Page 1 of 3
Get only trailing numbers from a string?
Posted: Sat Dec 30, 2023 9:18 am
by highend
I can easily do this by using regex but I'd like to do it without it
This one gets all numbers from the whole string:
Code: Select all
Procedure.s GetNumbersFromString(*StrPtr.Character)
Protected.s result
While *StrPtr\c
Select *StrPtr\c
Case 48 To 57
result + Chr(*StrPtr\c)
EndSelect
*StrPtr + 2
Wend
ProcedureReturn result
EndProcedure
Define.s demoText = "12Caption64"
Debug GetNumbersFromString(@demoText) ; Output = 1264
In my usecase I only want trailing numbers (e.g.: 64 from the example above)
How do I traverse the string in reverse (in the same fast manner as it's done in the existing function)?
Re: Get only trailing numbers from a string?
Posted: Sat Dec 30, 2023 9:51 am
by Oso
Hello Highend, you could just add two lines for a non-numeric check and reset the output, as below. If you want to count in reverse, you would still need to find the trailing zero byte, in order to first know the point at which to begin in reverse. I think therefore it makes more sense to avoid doing that.
Code: Select all
Procedure.s GetNumbersFromString(*StrPtr.Character)
Protected.s result
While *StrPtr\c
Select *StrPtr\c
Case 48 To 57
result + Chr(*StrPtr\c)
Default ; <----- Addition
result = "" ; <----- Addition
EndSelect
*StrPtr + 2
Wend
ProcedureReturn result
EndProcedure
Define.s demoText = "12Caption64"
Debug GetNumbersFromString(@demoText) ; Output = 64
Re: Get only trailing numbers from a string?
Posted: Sat Dec 30, 2023 9:54 am
by Marc56us
Quick and dirty sample. Basic only, no pointers, so easy to understand for beginners
Code: Select all
Define.s demoText = "12Caption64"
Debug "--- " + demoText
demoText = ReverseString(demoText)
Debug "--- " + demoText
For i = 1 To Len(demoText)
nb = Val(Mid(demoText, i, 1))
If nb > 0 And nb < 9
nb$ + Str(nb)
Else
Break
EndIf
Next i
nb = Val(ReverseString(nb$))
Debug "Value : " + nb
Code: Select all
--- 12Caption64
--- 46noitpaC21
Value : 64
You can also read the string from the end to the beginning and then reverse the result.
Re: Get only trailing numbers from a string?
Posted: Sat Dec 30, 2023 10:28 am
by Oso
Marc56us wrote: Sat Dec 30, 2023 9:54 am
demoText = ReverseString(demoText)
Well, that's one I hadn't seen before, Marc56us

Re: Get only trailing numbers from a string?
Posted: Sat Dec 30, 2023 10:45 am
by Marc56us
Oso wrote: Sat Dec 30, 2023 10:28 am
Marc56us wrote: Sat Dec 30, 2023 9:54 am
demoText = ReverseString(demoText)
Well, that's one I hadn't seen before, Marc56us
I've got a big secret: the
F1 key
I've read (and reread)
ALL the help functions (out of curiosity) except the 3D functions, which I don't use.
I've tested all examples of all functions.
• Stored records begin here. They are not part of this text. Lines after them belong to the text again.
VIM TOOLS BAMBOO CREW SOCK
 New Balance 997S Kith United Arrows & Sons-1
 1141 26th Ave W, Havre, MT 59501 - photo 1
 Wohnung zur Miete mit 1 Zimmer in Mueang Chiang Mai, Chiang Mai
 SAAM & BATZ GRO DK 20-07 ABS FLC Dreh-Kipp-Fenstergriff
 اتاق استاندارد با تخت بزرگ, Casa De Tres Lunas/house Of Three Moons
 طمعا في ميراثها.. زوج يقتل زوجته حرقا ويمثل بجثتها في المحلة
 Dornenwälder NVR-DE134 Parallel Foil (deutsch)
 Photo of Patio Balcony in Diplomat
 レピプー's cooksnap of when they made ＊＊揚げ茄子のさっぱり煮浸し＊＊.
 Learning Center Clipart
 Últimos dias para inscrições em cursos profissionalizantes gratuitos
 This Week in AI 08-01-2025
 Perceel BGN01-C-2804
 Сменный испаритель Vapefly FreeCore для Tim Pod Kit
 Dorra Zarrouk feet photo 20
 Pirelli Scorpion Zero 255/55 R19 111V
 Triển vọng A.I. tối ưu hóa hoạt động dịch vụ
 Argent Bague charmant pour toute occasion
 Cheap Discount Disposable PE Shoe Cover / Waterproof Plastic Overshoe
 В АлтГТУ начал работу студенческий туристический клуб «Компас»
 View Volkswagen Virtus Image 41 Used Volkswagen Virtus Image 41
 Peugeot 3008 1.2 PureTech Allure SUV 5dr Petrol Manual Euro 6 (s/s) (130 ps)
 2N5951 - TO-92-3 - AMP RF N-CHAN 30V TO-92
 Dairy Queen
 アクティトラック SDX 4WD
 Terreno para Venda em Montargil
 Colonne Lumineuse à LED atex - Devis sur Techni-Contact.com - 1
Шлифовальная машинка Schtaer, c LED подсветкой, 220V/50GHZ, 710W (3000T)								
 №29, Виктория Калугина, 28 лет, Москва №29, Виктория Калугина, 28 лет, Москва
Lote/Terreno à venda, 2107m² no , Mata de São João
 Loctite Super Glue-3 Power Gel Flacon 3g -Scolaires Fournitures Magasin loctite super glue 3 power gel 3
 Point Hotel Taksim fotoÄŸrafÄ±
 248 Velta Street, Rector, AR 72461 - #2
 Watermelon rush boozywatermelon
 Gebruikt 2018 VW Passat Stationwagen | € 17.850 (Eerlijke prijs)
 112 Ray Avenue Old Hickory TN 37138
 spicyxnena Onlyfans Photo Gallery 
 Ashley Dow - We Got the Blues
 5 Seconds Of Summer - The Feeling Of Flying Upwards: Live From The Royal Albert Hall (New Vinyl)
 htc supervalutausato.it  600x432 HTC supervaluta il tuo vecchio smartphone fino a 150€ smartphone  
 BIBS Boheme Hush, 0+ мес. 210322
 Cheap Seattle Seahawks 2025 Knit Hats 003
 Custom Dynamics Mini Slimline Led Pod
Re: Get only trailing numbers from a string?
Posted: Sat Dec 30, 2023 10:51 am
by Oso
Marc56us wrote: Sat Dec 30, 2023 10:45 am
I've got a big secret: the
F1 key
I've read (and reread)
ALL the help functions (out of curiosity, and tested all examples) except the 3D functions, which I don't use.
Ah, I had a feeling there might be something wrong with my keyboard

Re: Get only trailing numbers from a string?
Posted: Sat Dec 30, 2023 11:00 am
by Oso
But if you really do want to count in reverse, Highend (and because it makes me feel like a grown-up, using pointers...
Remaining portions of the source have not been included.